In my opinion, though, the post War of the Lance is pretty much the perfect period to set your adventures... As long as you ignore anything past the Legends trilogy. Krynn is finally at peace and the character options are now wsy open. I'd even add the newer classes, like sorcerers and warlocks to the mix, without much hassle and we're good to go! With Takhisis secured in The Abyss it's time for the rest of the evil gods to shine as antagonists—or even some wayward neutral ones or even overly zealous good ones, if you want to add some spice.

My way of looking at it is that it's better to play in a situation with a) as many character options as possible and b) the least amount of info dumps necessary to bring people up to speed.

Now, and this may be a generational think, but half the people I play with (people in their late 30s, early 40s) either have first-hand experience with Dragonlance and/or have read some fiction set there. Of that half, however, only a small minority have read/know about anything beyond the War of the Lance. So, at least for us, setting adventures after the War of the Lance is the best timeline for what I described above.
My problem with the post War of the Lance period is that it's too calm.
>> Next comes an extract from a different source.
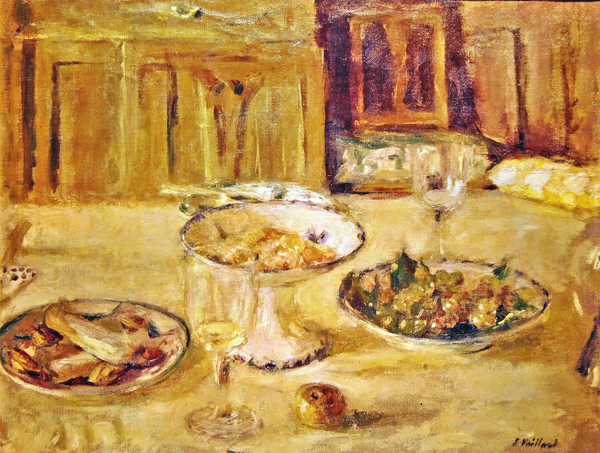 Bowls of fruit and biscuits and wineglass (oil on canvas)  from Edouard Vuillard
Everything has just been wrapped up nice and neat with a little bow and everything is just fine. What that era lacks is conflict material for running games by default. The Age of Mortals by post War of Souls by contrast has the tensions between sorcerers and wizards, the two remaining dragon overlords and the widespread effects of those who were slain, the elven diaspora desperate for a homeland, the dwarves isolated embroiled in a civil war, and a largely devided and fractured world reeling from a devasting war (thought the last bit is also true post war of the lance to be fair). All of that is wonderful material for dungeon masters for games, particularly for those who struggle to come up with entire plot arcs on their own without help. I'll concede that's probably all a matter of personal preference though. I'm not saying I want edgelord angsty (good lord I love making fun of some of the AoM books from the early 00's), but Post of the Lance is just too black and white for my tastes.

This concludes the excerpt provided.